Model	AUC (Industry)	RelImpr (%)
SparseCTR	0.7083 ±0.00004	8.49
SUAN (best baseline)	0.7040	6.25

Ablation Studies:

• Removing EvoAttention for full self-attention reduces AUC (0.7083 → 0.7051).
• Removing the global branch yields 0.7023.
• Removing all temporal encodings yields 0.7015.
• Each component contributes to state-of-the-art performance.

Comparative Analysis:

• EvoAttention vs Dilated/NSAttention/KernelAttention: best AUC-speed trade-off.
• TimeChunking outperforms SimChunking and Fixed-length chunking.
• RelTemporal outperforms T5Bias, HSTUBias, Alibi, and RoPE.

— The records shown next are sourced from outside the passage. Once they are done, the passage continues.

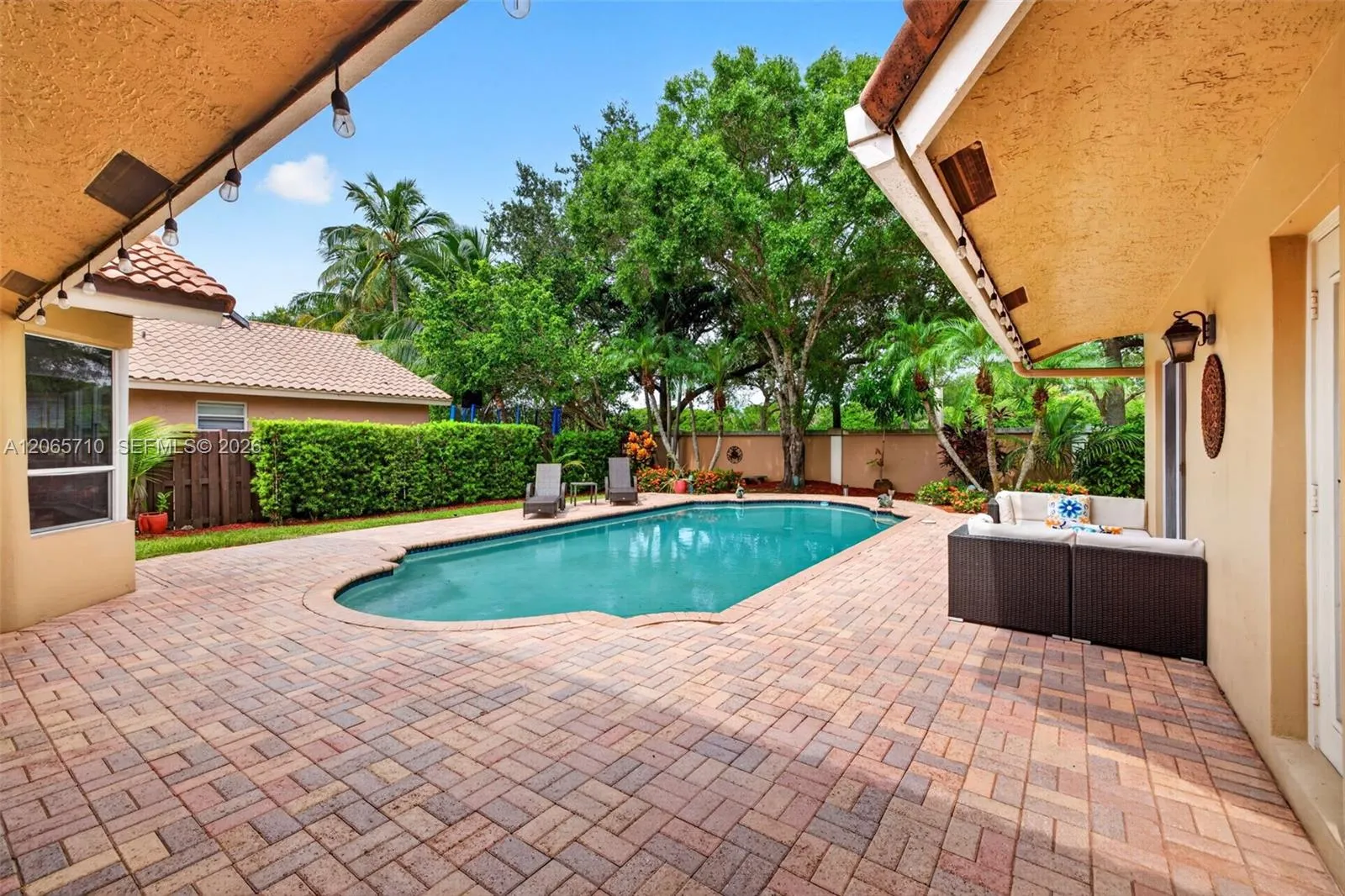 Property photo 128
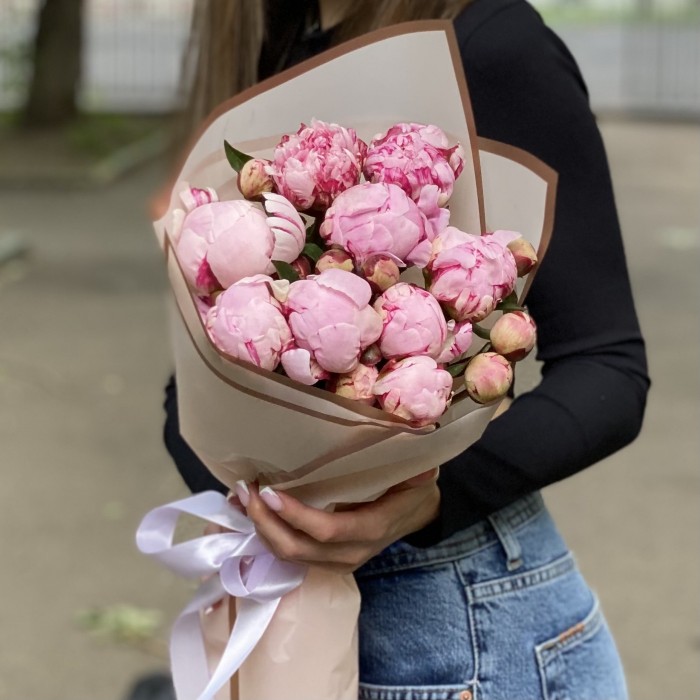 9 кустовых пионов Сара Бернар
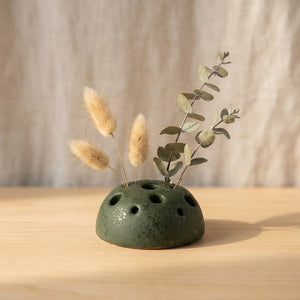 Vase graine de lotus en céramique verte avec tiges séchées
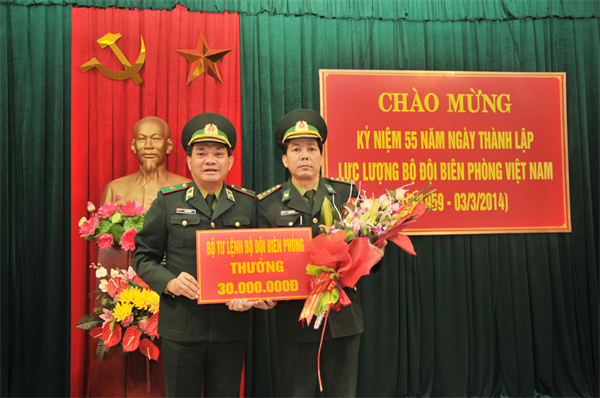 10-39-26_anh-khen-thuong-1.jpg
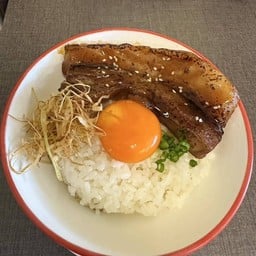 ข้าวหน้าหมูคาคูนิ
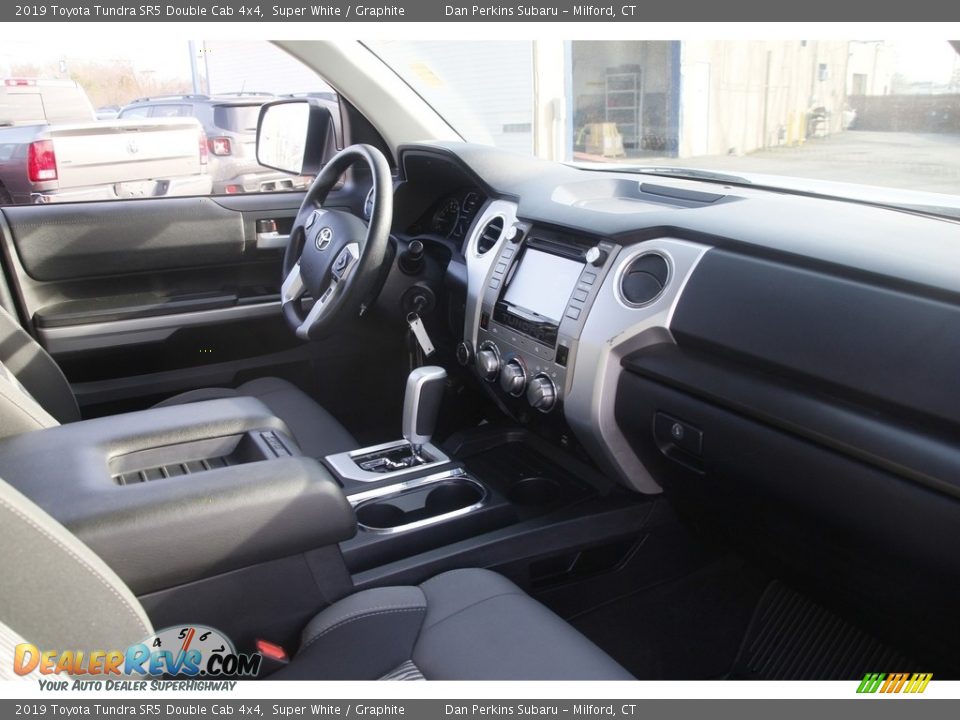 2019 Toyota Tundra SR5 Double Cab 4x4 Super White / Graphite Photo #15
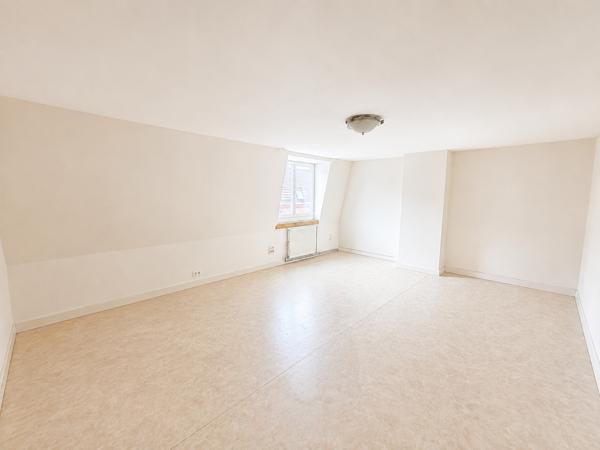 Maison
         5 pièces
        - 158 m² 313 000 € *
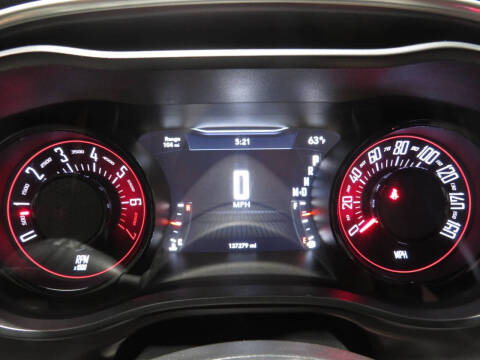 2016 Dodge Challenger SXT Plus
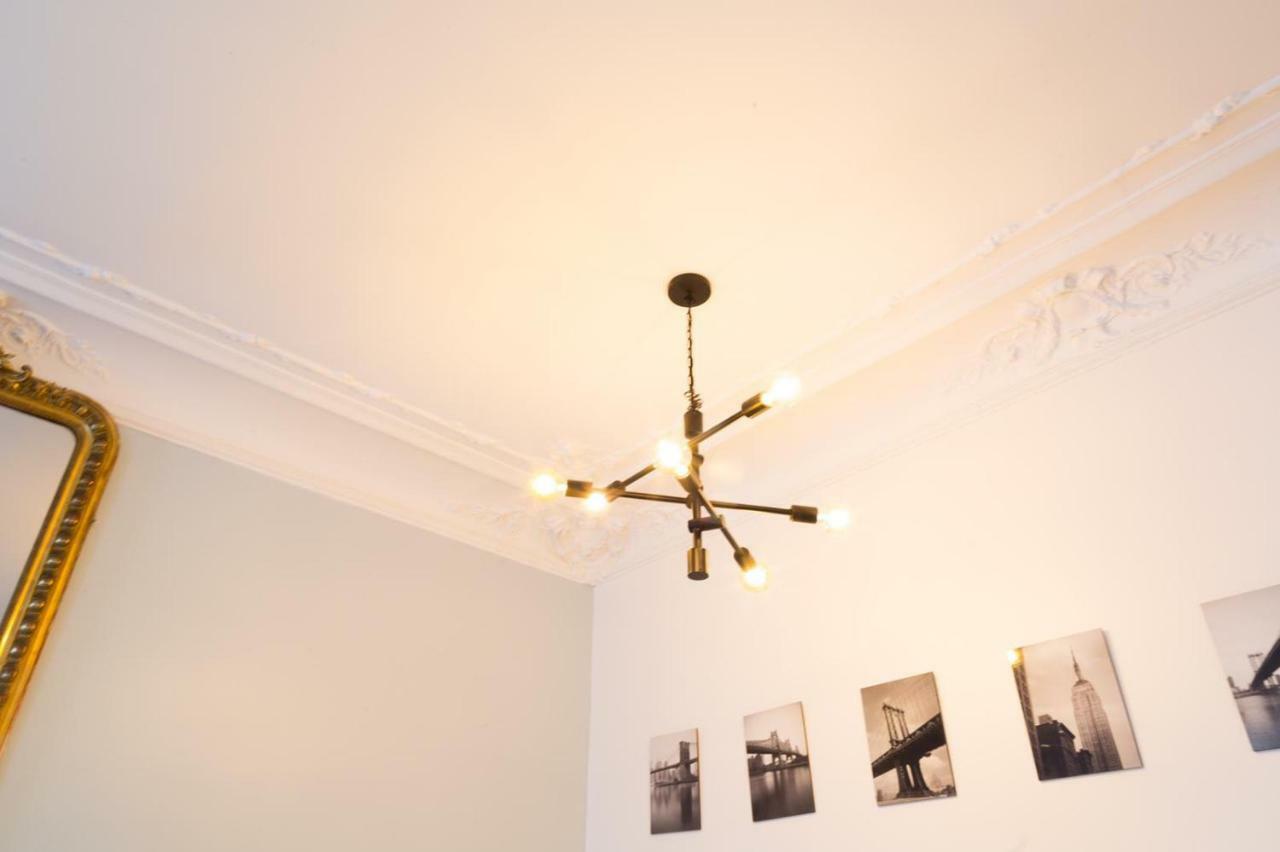 Two-Bedroom Apartment,867899459:JPEG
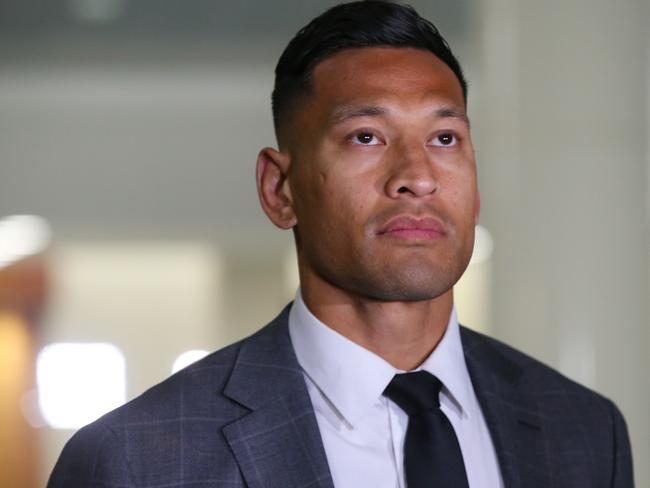 Former Australian professional rugby league player Israel Folau leaves the Federal Circuit Court in Melbourne Monday, December 2, 2019. (AAP Image/David Crosling) NO ARCHIVING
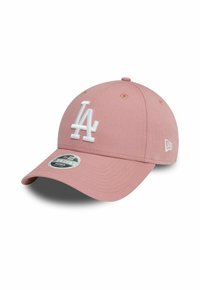 Gorra rosa hecha de una mezcla de algodón, con un logo bordado en blanco de "LA" en la parte frontal y una visera curvada con una cinta absorbente plana.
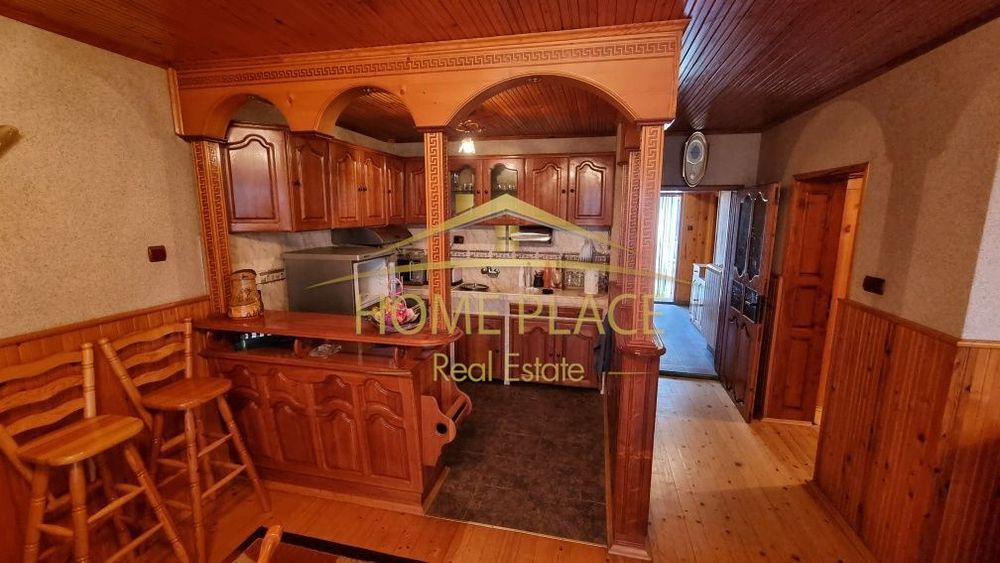 Дава се под наем Къща в Варна, Бриз - 160 кв.м за 1938 € - Снимка #1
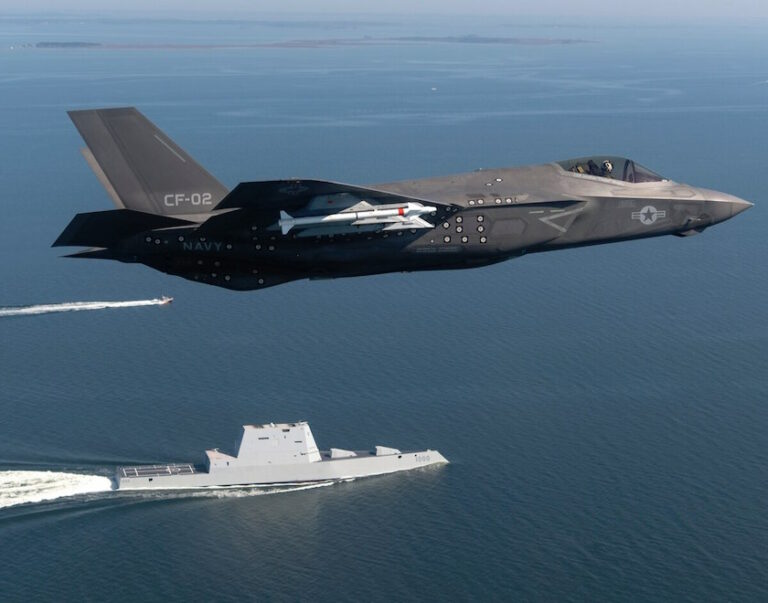 Les F-35B et F-35C seront incapables de conduire des interceptions supersoniques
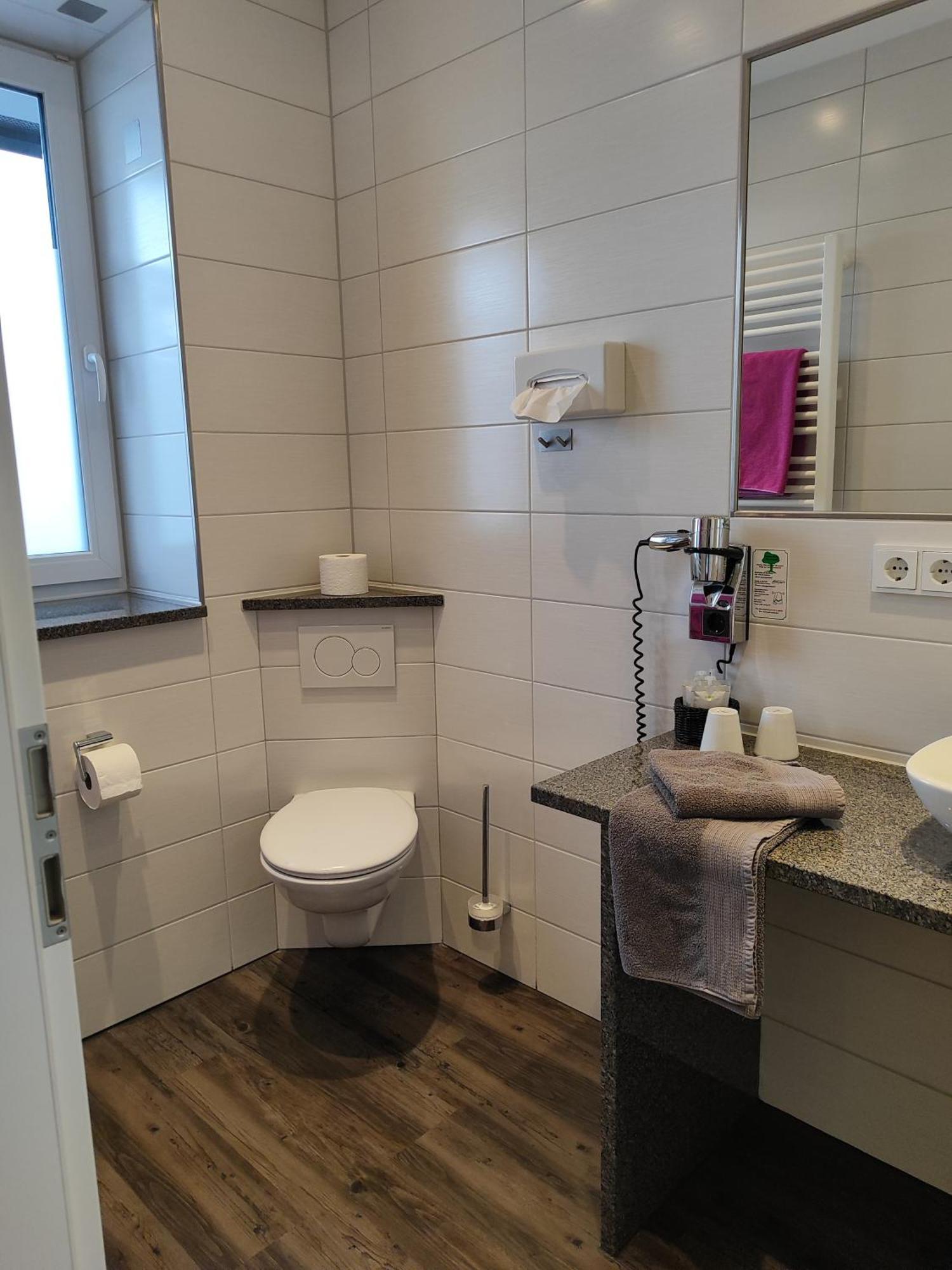Hotel Gaestehaus Stock Zimmer Baeckerstueble Friedrichshafen Bagian luar foto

Efficiency and Scaling Laws:

• Varying $(P, m, w)$ delivers up to $8.9\times$ speedup over full self-attention, reducing GPU memory without sacrificing AUC.
• AUC fits a power-law: $AUC(X) = E - A/X^\alpha$, $R^2 \approx 1$, demonstrating that higher FLOPs consistently yield better AUC across three orders of magnitude in FLOPs.

7. Deployment and Practical Considerations

Deployment Settings:

• Embedding size $d = 32$; MLP: $[32 \rightarrow 1]$ with ReLU
• $l = 2$ SparseBlock layers, $H = 8$ heads
• Sequence lengths: $1024$ (Industry, Alibaba), $50$ (Ele.me)
• Training: 1 epoch, Adam optimizer, NVIDIA A100-80G GPUs

Data Processing:

• Offline data: listwise samples $(U, B, C, Y)$ per exposure, enabling simultaneous evaluation of all $|C|$ candidates per forward pass.

Inference and Online Performance:

• Causal encoder and mask yield single-pass inference for all candidates; average latency $\approx$ 40ms.
• Online A/B testing (1% traffic, 7 days): CTR increased by 1.72%, CPM by 1.41%, with no regression in latency or memory profile.

This suggests that the architecture is suitable for deployment in latency-sensitive industrial recommendation settings, providing both accuracy and resource efficiency (Lai et al., 25 Jan 2026).